CVE-2025-31482 is a Cross-Site Request Forgery (CSRF) vulnerability identified in FreshRSS, a popular self-hosted RSS feed aggregator. The vulnerability affects versions prior to 1.26.2. The issue manifests when a user fetches a maliciously crafted feed entry, which triggers repeated logouts of the user. This behavior effectively results in a denial of service (DoS) condition for the affected user, as they are unable to maintain a logged-in session. The vulnerability is classified under CWE-352, indicating a CSRF attack vector where unauthorized commands are transmitted from a user that the web application trusts. The CVSS v3.1 base score is 4.3, reflecting a medium severity level. The vector string (CVSS:3.1/AV:N/AC:L/PR:N/UI:R/S:U/C:N/I:N/A:L) indicates that the attack can be performed remotely over the network without privileges, requires low attack complexity, no privileges, but does require user interaction (UI:R). The impact is limited to availability (denial of service) with no confidentiality or integrity loss. The vulnerability has been patched in FreshRSS version 1.26.2, and no known exploits are currently reported in the wild. The root cause is the lack of proper CSRF protections when processing feed entries, allowing malicious feeds to trigger session invalidation and logout. This vulnerability could be exploited by an attacker who can trick a user into subscribing to or fetching a malicious RSS feed, causing repeated session termination and disruption of service for that user.

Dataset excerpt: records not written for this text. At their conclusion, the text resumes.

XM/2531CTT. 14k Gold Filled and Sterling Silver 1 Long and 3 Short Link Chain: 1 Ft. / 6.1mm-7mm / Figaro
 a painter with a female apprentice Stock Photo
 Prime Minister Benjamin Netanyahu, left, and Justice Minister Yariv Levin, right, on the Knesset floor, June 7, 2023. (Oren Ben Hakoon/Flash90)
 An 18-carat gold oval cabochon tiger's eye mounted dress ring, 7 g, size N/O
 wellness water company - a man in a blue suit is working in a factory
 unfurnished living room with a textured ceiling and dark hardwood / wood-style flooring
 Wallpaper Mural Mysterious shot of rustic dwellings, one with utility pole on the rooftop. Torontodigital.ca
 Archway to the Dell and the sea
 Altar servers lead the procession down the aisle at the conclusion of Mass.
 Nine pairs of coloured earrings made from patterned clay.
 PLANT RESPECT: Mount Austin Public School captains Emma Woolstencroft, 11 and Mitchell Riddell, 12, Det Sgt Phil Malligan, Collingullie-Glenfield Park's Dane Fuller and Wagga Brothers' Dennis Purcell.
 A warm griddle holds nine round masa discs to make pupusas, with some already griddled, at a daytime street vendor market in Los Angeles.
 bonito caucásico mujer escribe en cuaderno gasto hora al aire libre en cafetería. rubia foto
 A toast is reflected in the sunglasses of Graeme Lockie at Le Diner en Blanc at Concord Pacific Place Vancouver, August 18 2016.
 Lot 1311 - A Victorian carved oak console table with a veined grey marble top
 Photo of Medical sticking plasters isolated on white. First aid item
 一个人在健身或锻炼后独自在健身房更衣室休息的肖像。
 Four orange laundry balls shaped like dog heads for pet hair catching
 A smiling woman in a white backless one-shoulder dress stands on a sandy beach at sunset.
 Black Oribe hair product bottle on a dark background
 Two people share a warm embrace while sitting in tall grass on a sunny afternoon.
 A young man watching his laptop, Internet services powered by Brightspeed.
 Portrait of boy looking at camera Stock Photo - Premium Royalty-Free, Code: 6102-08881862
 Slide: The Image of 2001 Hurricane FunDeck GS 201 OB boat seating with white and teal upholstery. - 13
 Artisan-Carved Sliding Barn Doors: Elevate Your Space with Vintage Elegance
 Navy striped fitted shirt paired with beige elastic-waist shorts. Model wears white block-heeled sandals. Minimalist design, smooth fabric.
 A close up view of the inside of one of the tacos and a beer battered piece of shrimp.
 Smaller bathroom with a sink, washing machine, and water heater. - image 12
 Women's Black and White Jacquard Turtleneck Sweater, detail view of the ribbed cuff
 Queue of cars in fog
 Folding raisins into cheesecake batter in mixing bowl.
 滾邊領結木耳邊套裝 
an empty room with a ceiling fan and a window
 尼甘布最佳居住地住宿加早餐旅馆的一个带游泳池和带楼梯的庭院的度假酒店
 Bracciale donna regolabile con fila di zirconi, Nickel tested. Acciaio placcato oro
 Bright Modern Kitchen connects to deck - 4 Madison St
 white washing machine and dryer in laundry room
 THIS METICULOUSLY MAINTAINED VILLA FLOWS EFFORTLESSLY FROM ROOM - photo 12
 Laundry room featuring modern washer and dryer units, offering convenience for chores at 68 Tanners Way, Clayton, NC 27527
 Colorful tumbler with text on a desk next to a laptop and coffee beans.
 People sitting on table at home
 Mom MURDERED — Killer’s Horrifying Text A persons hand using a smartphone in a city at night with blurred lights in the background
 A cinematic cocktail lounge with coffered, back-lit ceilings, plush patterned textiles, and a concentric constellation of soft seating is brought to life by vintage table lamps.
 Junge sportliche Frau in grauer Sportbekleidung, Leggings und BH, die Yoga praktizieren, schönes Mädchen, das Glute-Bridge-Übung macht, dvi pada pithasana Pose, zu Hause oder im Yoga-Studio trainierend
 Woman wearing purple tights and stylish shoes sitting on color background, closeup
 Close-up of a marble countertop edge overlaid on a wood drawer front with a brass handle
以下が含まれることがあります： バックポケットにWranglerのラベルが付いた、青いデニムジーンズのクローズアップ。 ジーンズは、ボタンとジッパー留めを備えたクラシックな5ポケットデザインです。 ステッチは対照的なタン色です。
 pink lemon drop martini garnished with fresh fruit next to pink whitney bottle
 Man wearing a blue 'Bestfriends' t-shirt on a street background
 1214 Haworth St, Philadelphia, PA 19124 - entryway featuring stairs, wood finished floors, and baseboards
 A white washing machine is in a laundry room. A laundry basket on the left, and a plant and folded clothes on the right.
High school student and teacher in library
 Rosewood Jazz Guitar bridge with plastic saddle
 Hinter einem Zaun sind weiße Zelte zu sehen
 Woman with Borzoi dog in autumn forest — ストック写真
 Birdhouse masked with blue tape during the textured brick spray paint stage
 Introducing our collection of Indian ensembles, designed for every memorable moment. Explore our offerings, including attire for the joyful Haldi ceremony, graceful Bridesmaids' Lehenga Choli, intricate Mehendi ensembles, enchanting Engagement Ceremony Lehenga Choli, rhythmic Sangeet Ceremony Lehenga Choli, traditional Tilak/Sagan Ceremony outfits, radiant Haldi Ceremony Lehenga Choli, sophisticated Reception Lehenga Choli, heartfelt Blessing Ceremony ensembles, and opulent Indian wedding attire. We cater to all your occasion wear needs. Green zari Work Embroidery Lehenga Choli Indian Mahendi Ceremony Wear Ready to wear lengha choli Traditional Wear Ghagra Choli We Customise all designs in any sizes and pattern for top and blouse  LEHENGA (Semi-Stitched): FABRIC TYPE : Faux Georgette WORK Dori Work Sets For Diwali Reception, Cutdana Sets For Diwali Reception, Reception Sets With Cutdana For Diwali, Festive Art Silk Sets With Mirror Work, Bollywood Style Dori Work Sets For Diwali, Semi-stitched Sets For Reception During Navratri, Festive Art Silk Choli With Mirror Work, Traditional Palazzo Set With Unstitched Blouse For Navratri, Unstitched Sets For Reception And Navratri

For European organizations using FreshRSS for internal or public RSS feed aggregation, this vulnerability can cause significant disruption to user productivity by forcing repeated logouts and denying access to the aggregator service. Although the impact is limited to availability and does not compromise data confidentiality or integrity, the denial of service can affect workflows that rely on timely access to aggregated news or information feeds. Organizations with multiple users depending on FreshRSS may experience widespread inconvenience and potential operational delays. Since FreshRSS is often self-hosted, organizations with less mature patch management processes may remain vulnerable for extended periods. Additionally, sectors that rely heavily on continuous information flow, such as media, research institutions, and government agencies, could see a degradation in service quality. The requirement for user interaction means that social engineering or user awareness is a factor, but the vulnerability could be exploited via malicious feed subscriptions or links. The absence of known exploits in the wild reduces immediate risk, but the medium severity score and ease of exploitation warrant proactive mitigation.

European organizations should immediately verify the version of FreshRSS deployed and upgrade to version 1.26.2 or later, where the vulnerability is patched. Since the vulnerability exploits CSRF, administrators should ensure that CSRF protections are enabled and properly configured in their FreshRSS installations. This includes validating anti-CSRF tokens on state-changing requests and ensuring that feed fetching mechanisms do not process untrusted or unauthenticated feed entries without validation. User education is also important: users should be cautioned against subscribing to unknown or untrusted RSS feeds. Network-level controls can be implemented to restrict access to known safe feed sources or to monitor for unusual feed subscription patterns. For organizations hosting FreshRSS publicly, implementing Web Application Firewalls (WAFs) with rules to detect and block CSRF attempts can provide additional protection. Regular security audits and monitoring for unusual logout patterns can help detect exploitation attempts early. Finally, maintaining an up-to-date inventory of self-hosted applications and applying patches promptly is critical to reduce exposure.